What to work on | Among the entries below, only the lines starting at the one with "1972-73 O-Pee-Chee Hockey" and ending at the one with "y Empolvado L'essentiel", both included, are to be printed exactly.

Data for the task |

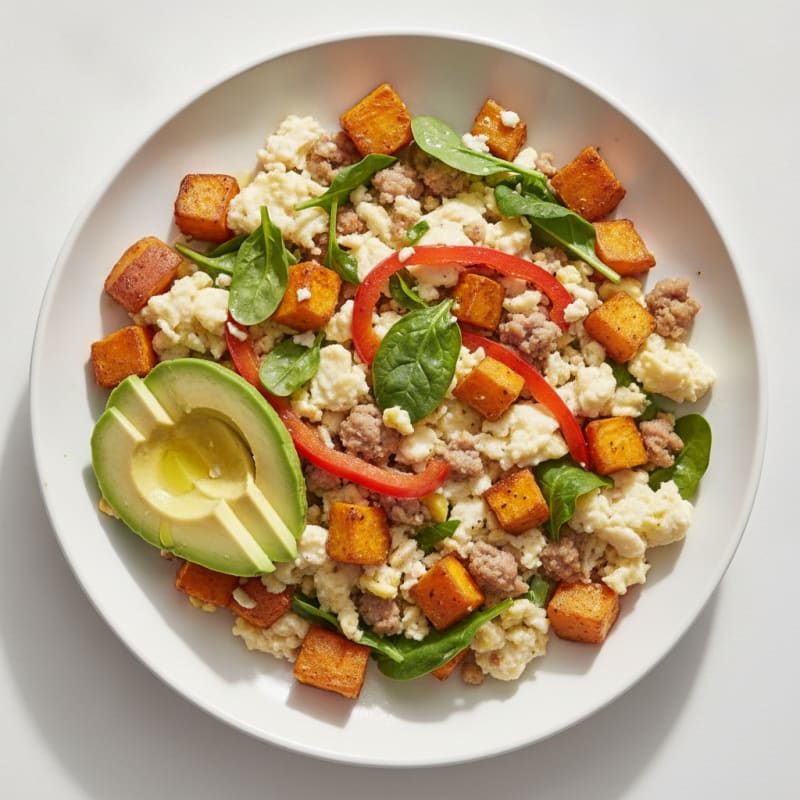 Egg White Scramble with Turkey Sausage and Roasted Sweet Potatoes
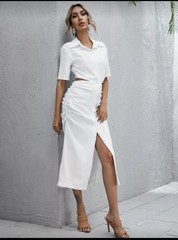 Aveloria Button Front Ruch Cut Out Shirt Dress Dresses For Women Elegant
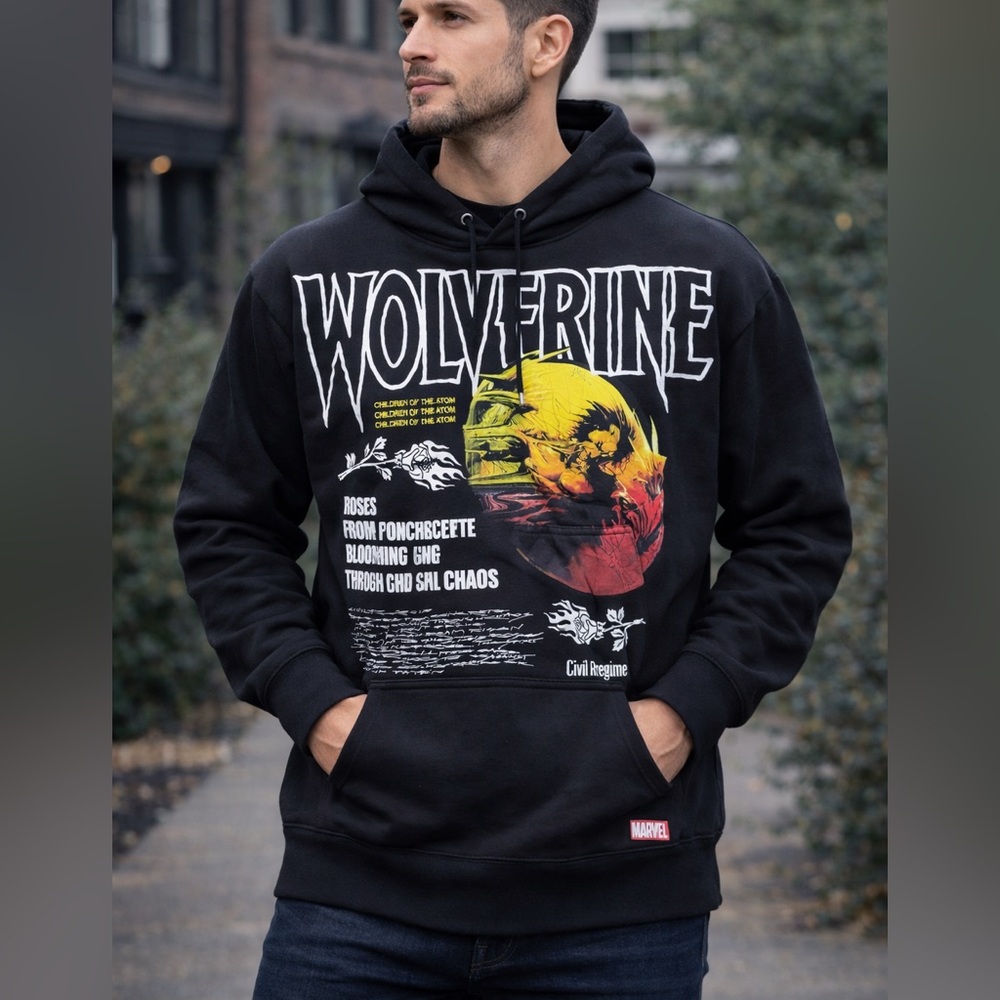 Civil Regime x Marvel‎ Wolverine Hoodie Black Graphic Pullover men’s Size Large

---

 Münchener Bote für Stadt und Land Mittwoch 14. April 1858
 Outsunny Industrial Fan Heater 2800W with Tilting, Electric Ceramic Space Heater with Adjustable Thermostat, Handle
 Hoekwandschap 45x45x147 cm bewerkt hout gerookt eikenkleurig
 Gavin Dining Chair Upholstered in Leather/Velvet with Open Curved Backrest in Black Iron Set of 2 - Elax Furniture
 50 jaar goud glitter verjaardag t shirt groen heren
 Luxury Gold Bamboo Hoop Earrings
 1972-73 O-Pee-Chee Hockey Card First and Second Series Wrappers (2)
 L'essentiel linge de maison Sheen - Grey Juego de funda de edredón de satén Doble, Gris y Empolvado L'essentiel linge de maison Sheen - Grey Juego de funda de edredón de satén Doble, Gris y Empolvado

Exercise result |
 1972-73 O-Pee-Chee Hockey Card First and Second Series Wrappers (2)
 L'essentiel linge de maison Sheen - Grey Juego de funda de edredón de satén Doble, Gris y Empolvado L'essentiel linge de maison Sheen - Grey Juego de funda de edredón de satén Doble, Gris y Empolvado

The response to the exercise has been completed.